Patients and methods: Intention-to-treat analysis of 389 young (18–60 years) patients with good-prognosis (age-adjusted International Prognostic Index = 0, 1) aggressive lymphoma randomized to CHOEP-21 (n = 194) or high CHOEP (n = 195).
Results: There was no difference in 3-year event-free (64% versus 67%; P = 0.734) or overall survival (83% versus 87%; P = 0.849). Neither low-risk nor low-intermediate risk patients benefited from high CHOEP. High CHOEP was more toxic than CHOEP-21 (grades 3 and 4 leukocytopenia 100% versus 87.2%, P < 0.001; thrombocytopenia 80.8% versus 9.6%, P < 0.001; infections 35% versus 11%, P < 0.001; therapy-associated deaths 3.1% versus 0%, P = 0.03).

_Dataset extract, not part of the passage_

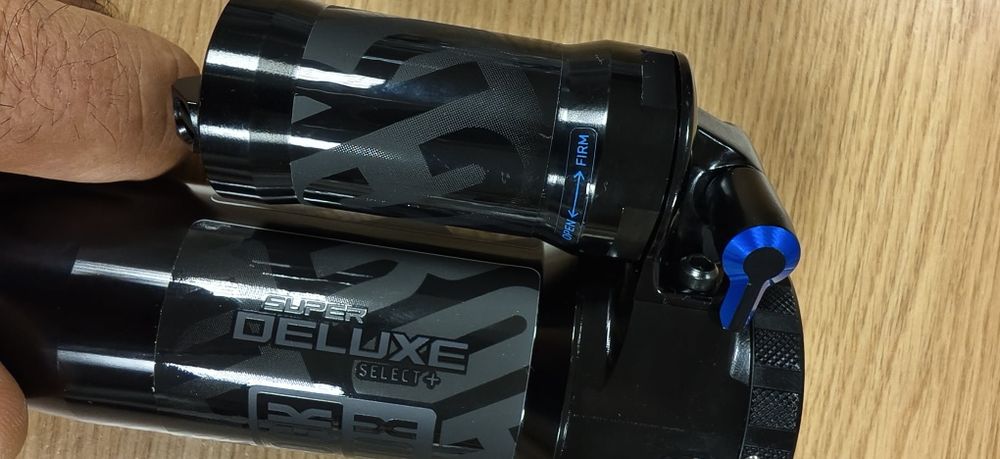 НОВ Заден амортесьор/Шок RockShox Super Deluxe Select+ 205x60 Trunion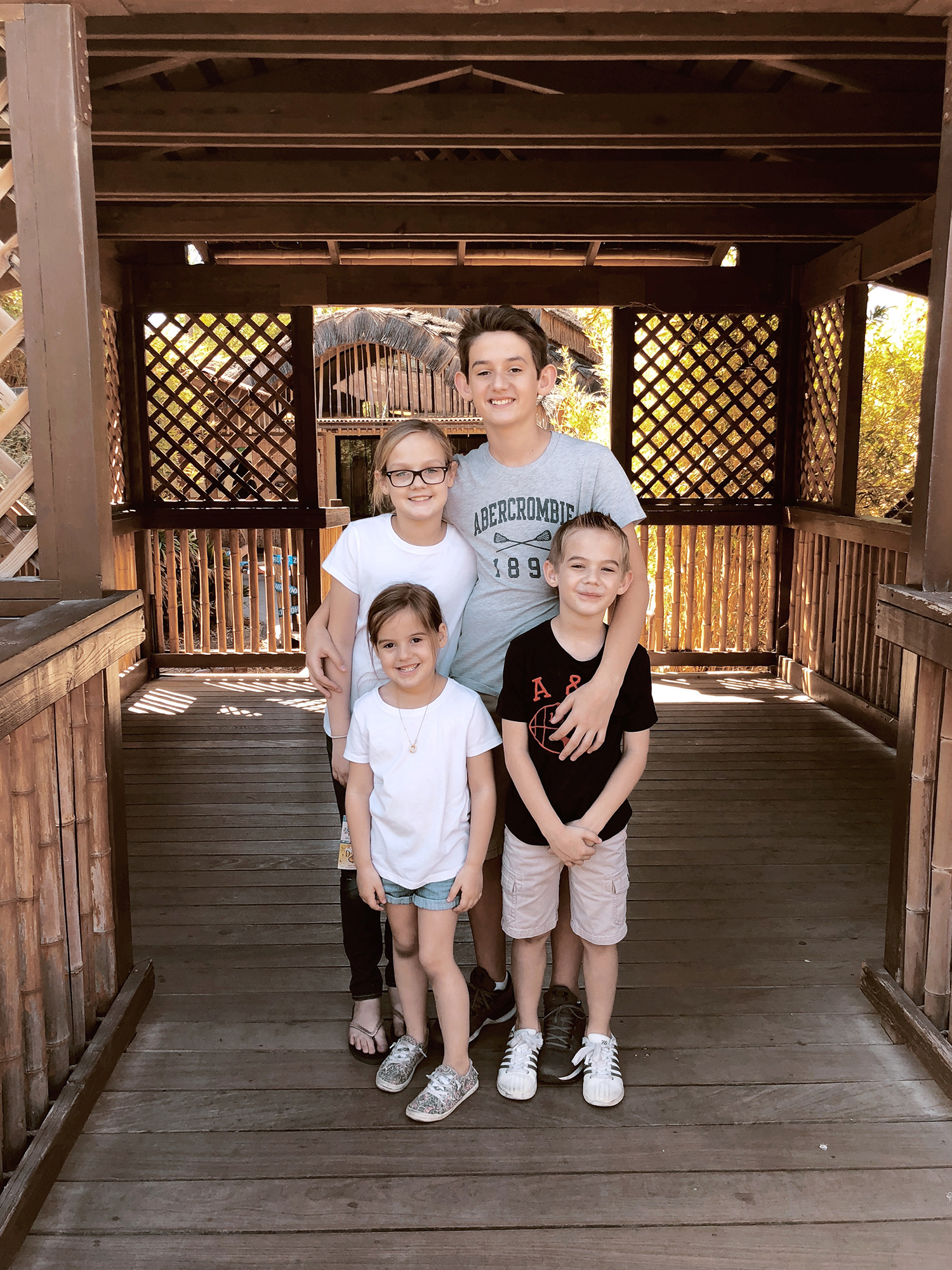 A day at the Phoenix Zoo with the fam. The perfect weekend weather here in the valley and just in time to enjoy this kind of outing before the temperatures rise. Catch a peek into our time over on Haus of Layne! #Zoo #Phoenix #Arizona #FamilyActivityIdeas #WeekendVibe #MomBlogger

Conclusion: Dose-escalated CHOEP-21 does not provide clinical benefit for young patients with good-prognosis aggressive lymphomas. Since differences between chemotherapy regimens are compressed by the addition of rituximab, the results of this trial have bearing on strategies aiming to improve outcome of good-prognosis aggressive lymphomas in the rituximab era.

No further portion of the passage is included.